Call a meeting and achieve full consensus before moving forward.
Full consensus gives veto power to inertia. It frequently privileges the loudest or most risk-averse voice and optimises for comfort rather than truth. It can be captured by the person most willing to wait everyone else out.
Consult widely, listen deeply, then make the call as the person accountable for the outcome.
Delegate it entirely. Leadership should be distributed equally.
Distributed accountability without a steward is not distributed leadership; it is abdication. Nature does not operate without differentiated roles. Pretending everyone holds equal responsibility for every outcome is a fiction that leaves the most vulnerable unprotected.
Put it to a vote. Majority rules.
Majority rule produces winners and losers rather than decisions that serve the whole. It does not ask whether the decision holds pattern integrity; it asks only what most people prefer in this moment.
Question 4 of 10
Which statement comes closest to your truth about the relationship between profit and purpose?
Profit is the primary measure. Purpose is the story we tell about it.
Profit as the primary measure produces enterprises that strip mine everything else to feed the number. The story becomes a costume, not a constraint. You end up optimising for the metric at the expense of everything the metric was meant to represent.
Profit funds purpose. Without profit there is no mission.
This keeps purpose permanently subordinate and conditional. Purpose survives only when profit permits it. That is not integrity; it is leverage. The moment profit is under pressure, purpose is the first thing traded.
Purpose should override profit, even at the cost of viability.
An enterprise that cannot sustain itself cannot serve its purpose. Viability is not a concession to capitalism; it is a prerequisite for existence. A beautiful intention that destroys its own vehicle is not integrity. It is romanticism.
When purpose is designed in from the source, profit is a natural consequence of integrity.
Question 5 of 10
You encounter an idea that directly challenges a model you have built your career around. What is your honest first response?
Defend the existing model. Your credibility depends on it.
Defending a model because your identity is invested in it is a form of intellectual colonisation. You are protecting territory rather than truth. Credibility built on defending the wrong thing is a liability, not an asset.
Acknowledge the idea publicly, then quietly do nothing with it.
This is performance without consequence. It uses the appearance of open-mindedness to neutralise a genuine challenge. Nothing changes, and the person who brought the idea learns that honesty here is unrewarded.
Feel the discomfort, sit with it, and follow the evidence wherever it leads.
Immediately adopt the new idea to signal that you are open-minded.

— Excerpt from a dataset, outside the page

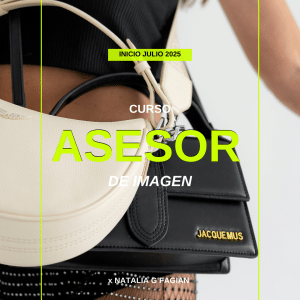 CURSO ASESOR DE IMAGEN ONLINE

Reflexive adoption is not discernment. It mistakes novelty for truth. It also appropriates someone else's thinking without genuine integration, which is its own form of intellectual exploitation.
Question 6 of 10
What is the role of a leader in a healthy enterprise?
To make sure everyone is happy and no one is left behind.
Happiness is a byproduct of right action, not a design goal. Optimising for it produces conflict avoidance, unspoken truths, and a culture that cannot hold difficulty. The leader who prioritises happiness over honesty eventually produces neither.
To set direction and remove themselves as quickly as possible.
Leadership is not a temporary inconvenience to be minimised. Holding pattern integrity, maintaining accountability, and stewarding the whole toward its purpose is ongoing, active work. A leader who evacuates is not empowering; they are abandoning.
To hold the pattern integrity, make hard calls with care, and steward the whole toward its purpose.
To distribute power equally so no single person holds authority.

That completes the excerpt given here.